Cutting public sector salaries and wages
"In the absence of faster economic growth, government must cut back on spending. This is difficult in a pre-election year, but the rapid escalation in public sector salaries and wages would be a good place to start. 

"South Africa is still at risk of a rating downgrade, and as such, needs to exert greater caution in fiscal expenditure. Increased government intervention in the economy has resulted in a deterioration in government finances, many of the GIPS (Greece, Italy, Portugal and Spain) group of countries' government finances deteriorated because of the hefty financial burden of a large civil service and/or substantial spending on social services," she added. 

Bishop said indications are that the biggest drain on government's finances in the absence of any major policy shifts will be health and the NHI in particular.

"We [economists] will also be looking for more clarity on the NHI and the costs involved in implementing it, both to government and individuals [the latter being an indirect tax] … If there are no major policy changes, the main future drag on government finances will be the NHI expenditure, which will undoubtedly cost more than current estimates."

Democratic Alliance MP Tim Harris said the country's economic problems stemmed from an increase in the current account deficit and a widening fiscal deficit. This is as a result of government's inability to contain its spending, he said.
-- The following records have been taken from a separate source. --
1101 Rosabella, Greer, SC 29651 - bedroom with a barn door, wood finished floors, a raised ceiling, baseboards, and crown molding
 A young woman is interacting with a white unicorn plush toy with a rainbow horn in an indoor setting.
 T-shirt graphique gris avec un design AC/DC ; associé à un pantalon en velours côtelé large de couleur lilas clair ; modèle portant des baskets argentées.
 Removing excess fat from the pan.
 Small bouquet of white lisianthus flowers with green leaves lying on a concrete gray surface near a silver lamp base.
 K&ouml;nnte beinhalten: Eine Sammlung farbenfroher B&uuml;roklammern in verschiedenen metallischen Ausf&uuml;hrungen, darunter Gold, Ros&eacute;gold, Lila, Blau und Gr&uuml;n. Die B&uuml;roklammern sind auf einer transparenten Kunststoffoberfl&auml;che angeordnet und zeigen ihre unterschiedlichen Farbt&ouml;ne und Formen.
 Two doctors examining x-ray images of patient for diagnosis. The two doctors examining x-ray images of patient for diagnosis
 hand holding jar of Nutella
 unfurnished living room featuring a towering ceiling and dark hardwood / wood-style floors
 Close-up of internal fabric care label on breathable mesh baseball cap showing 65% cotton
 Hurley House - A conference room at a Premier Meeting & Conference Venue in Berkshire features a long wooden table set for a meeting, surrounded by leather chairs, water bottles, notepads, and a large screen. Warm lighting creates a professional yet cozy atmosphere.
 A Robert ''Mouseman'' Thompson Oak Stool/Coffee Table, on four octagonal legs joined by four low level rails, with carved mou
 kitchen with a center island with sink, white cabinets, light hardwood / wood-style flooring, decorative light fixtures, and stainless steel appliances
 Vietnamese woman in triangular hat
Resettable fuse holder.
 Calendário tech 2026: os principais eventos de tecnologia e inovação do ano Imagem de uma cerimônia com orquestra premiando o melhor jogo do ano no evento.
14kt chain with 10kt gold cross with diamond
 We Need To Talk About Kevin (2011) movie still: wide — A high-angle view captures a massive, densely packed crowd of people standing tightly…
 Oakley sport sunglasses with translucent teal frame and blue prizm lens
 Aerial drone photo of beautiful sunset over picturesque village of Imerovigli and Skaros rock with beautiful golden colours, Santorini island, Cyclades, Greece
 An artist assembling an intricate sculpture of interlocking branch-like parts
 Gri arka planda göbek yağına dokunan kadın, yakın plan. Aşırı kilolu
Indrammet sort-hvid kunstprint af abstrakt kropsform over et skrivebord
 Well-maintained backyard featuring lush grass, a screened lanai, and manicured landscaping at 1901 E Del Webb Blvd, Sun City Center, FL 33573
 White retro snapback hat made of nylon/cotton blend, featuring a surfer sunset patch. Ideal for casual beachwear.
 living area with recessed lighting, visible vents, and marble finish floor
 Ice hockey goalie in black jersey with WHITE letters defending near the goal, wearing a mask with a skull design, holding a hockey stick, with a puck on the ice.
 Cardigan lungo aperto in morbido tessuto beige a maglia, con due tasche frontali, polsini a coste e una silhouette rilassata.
Mining and automotive sectors
Harris said Gordhan would have to restore confidence in the mining and automotive sectors on Wednesday, as crippling strike action in both those sectors undermined investor confidence. 

Government's wage bill and its "bloated" ministries would also need to be addressed. 

"South Africa's wage bill of R400-billion per year ranks among the highest amongst middle-income countries. In each of the past six years, the government wage bill has increased by more than the inflation rate, and in three of those years the increases were more than twice the rate of inflation," he said. 

Harris said Gordhan would have to establish policy certainty and show commitment to the implementation of the NDP. 

"Minister Gordhan should provide detail on exactly how NDP policies will be implemented in the face of opposition from the tripartite alliance partners. Ideological gridlock at the top of government has prevented any meaningful economic reforms and entrenched policy uncertainty and a lack of political leadership," Harris said. 

Peter Attard Montalto, executive director and emerging markets economist at Nomura, said there was a lack of leadership around the document as a whole.

'Lack of leadership'
"More broadly on the NDP, we think investors [and local business] still justifiably struggle to see what NDP-aligned policy actually means, given the lack of leadership around the document as a whole, especially in the context of a document that is not structured in costing or implementation logistics and hardly contradiction-free," said Montalto.

"More generally, it could be argued that many of the areas the treasury is saying are aligned to the NDP were treasury policy anyway. These include its social wage and inclusive growth concepts.

"Infrastructure spend is an area where the treasury has come up against serious difficulties, despite having a very strong planning capability in the form of the presidential infrastructure co-ordinating commission, as well as hard work to create the fiscal and funding room for a R430-billion government and R397-billion parastatal spending programme," he said. 

"Capacity constraints have meant the pace of roll-out has been extremely slow. Indeed, the budget in February basically saw public sector investment rates grinding to a halt in the coming two years before only a marginal pick-up. The state simply does not have the ability to continue expanding the pace of investment and, under the current largely state-centric model, [has reached] its capacity."